Sería necio afirmar que cuando estamos enfermos no ansiamos mejorar. Siempre existe la esperanza de volver a estar bien o, por lo menos, no con el mismo nivel de las dolencias que nos aquejan. Ese es nuestro deseo. O para decirlo de otra manera: ponemos nuestra esperanza en recuperar las fuerzas, el ritmo de nuestra cotidianidad. Ese posible es el que nos mantiene el espíritu más alto que nuestros achaques, el ánimo para persistir o seguir en un tratamiento o una terapia. La esperanza, como en tantas otras cosas, hace que nos levantemos entusiastas o con la alegría suficiente para nos resignarnos a estar tendidos en la cama o desalentados para no hacer nada. La esperanza es un fármaco del alma, una medicina que nos prodigamos nosotros mismos, para no flaquear y mantenernos resistentes, al igual que el árbol en una borrasca. Esta dimensión emocional de la esperanza, tan poco reparada en ocasiones por los médicos actuales, es la que mejor ayuda a mantener el equilibro cuando la desazón o la tristeza por los dolores físicos quieren postrarnos o derribar nuestro optimismo.

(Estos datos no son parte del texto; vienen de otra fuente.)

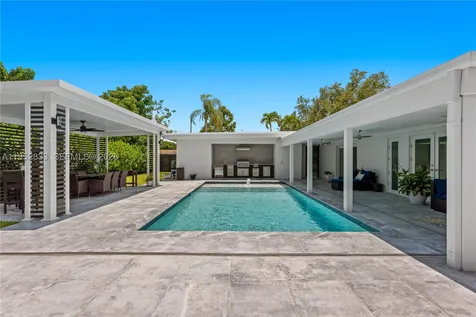 7425 SW 139th Terrace Palmetto Bay FL 33158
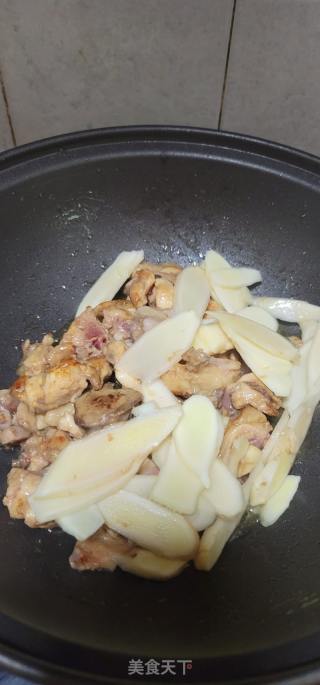 子姜焖鸡的做法步骤：5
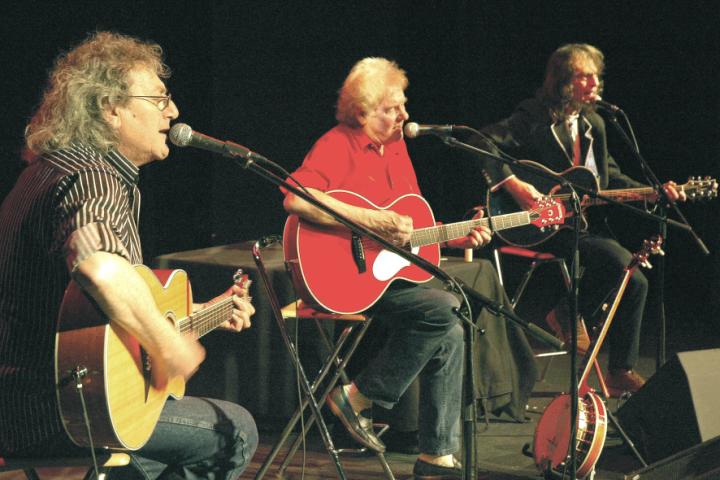 Acoustic Strawbs live at Chequer Mead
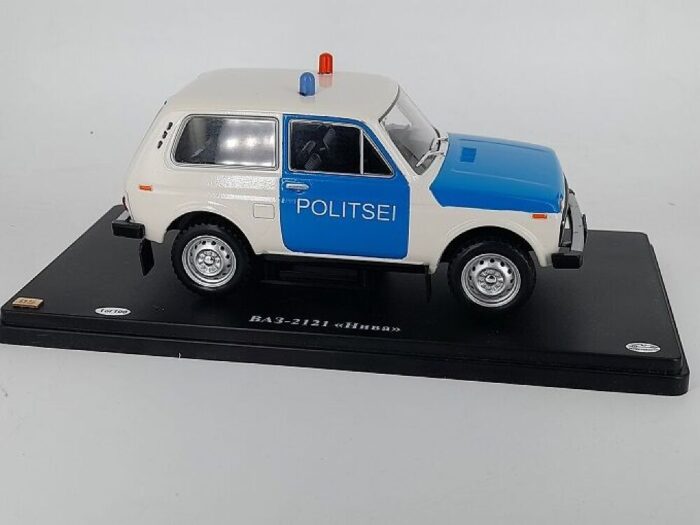 Niva VAZ 2121 Estonian Police 1/24 - Image 4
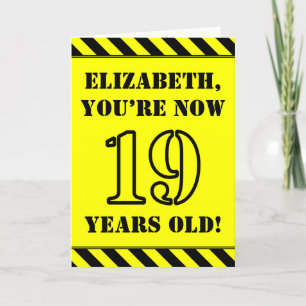 Carte 19e anniversaire : Jeu de style graphique, Nom per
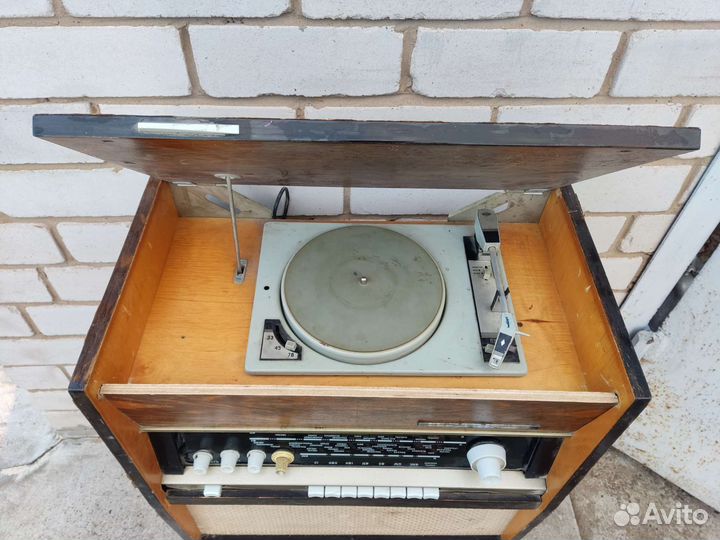 Радиола VEF Rapsodija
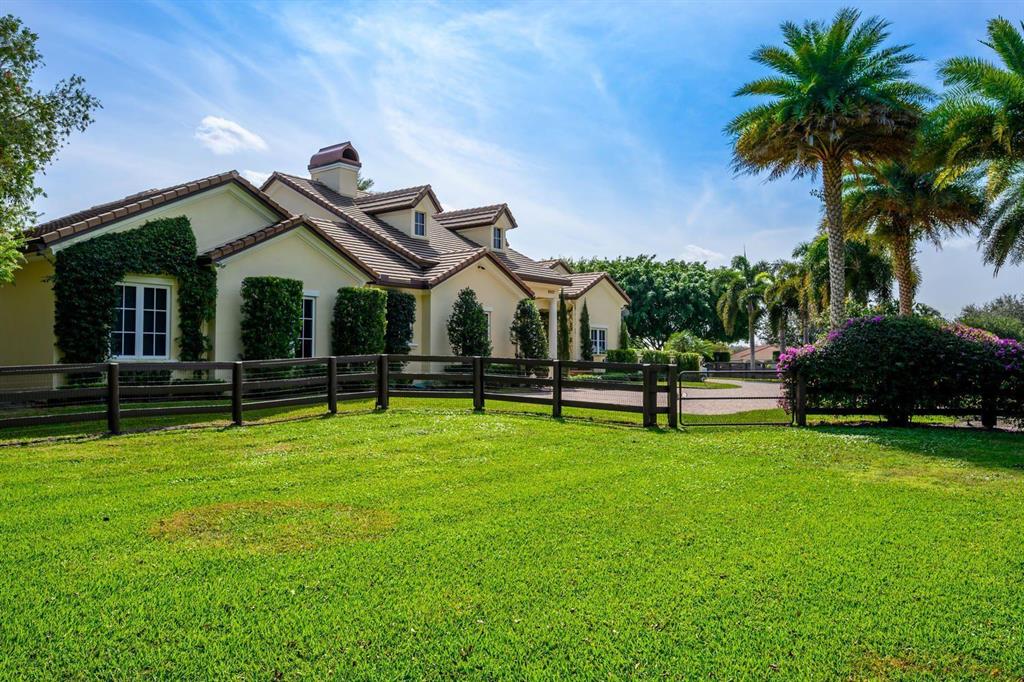 SADDLE TRAIL PARK OF WELLINGTON - Residential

Escuchar lo que nos dice o susurra la enfermedad es, en suma, un ejercicio de conciencia, un antídoto contra el desasosiego y la angustia y una oportunidad para convertir nuestras flaquezas y quebrantos en parte constitutiva de nuestro ser. Más que un tiempo de negación y reproches, la enfermedad debe servirnos para reconciliarnos con nuestras debilidades y con la urgencia de estar necesitados de manos y brazos que nos cuiden.
Olga Nancy Angel dijo:
Excelente artículo. Me hizo reflexionar sobre el aprecio que debo seguir teniendo por mi cuerpo y que la paz interior me ayuda a conservar mi salud.
Fernando Vásquez Rodríguez dijo:
Olga Nancy, gracias por tu comentario.
Frency Figueroa dijo:
No cabe duda que la salud es lo más valioso que tenemos, pero muchas veces entramos en confianza, creyendo que no nos pasará nada. Profe Fernando si es tu caso es el momento de pelear y no dejar de hacerlo hasta que salgas triunfantemente de esta. Un abrazo fuerte.
Fernando Vásquez Rodríguez dijo:
Francy, gracias por tu comentario.
MIchael Bello Cruz dijo:
Profesor espero tenga pronta recuperación.
Fernando Vásquez Rodríguez dijo:
Michael, gracias por tu comentario y por tus deseos.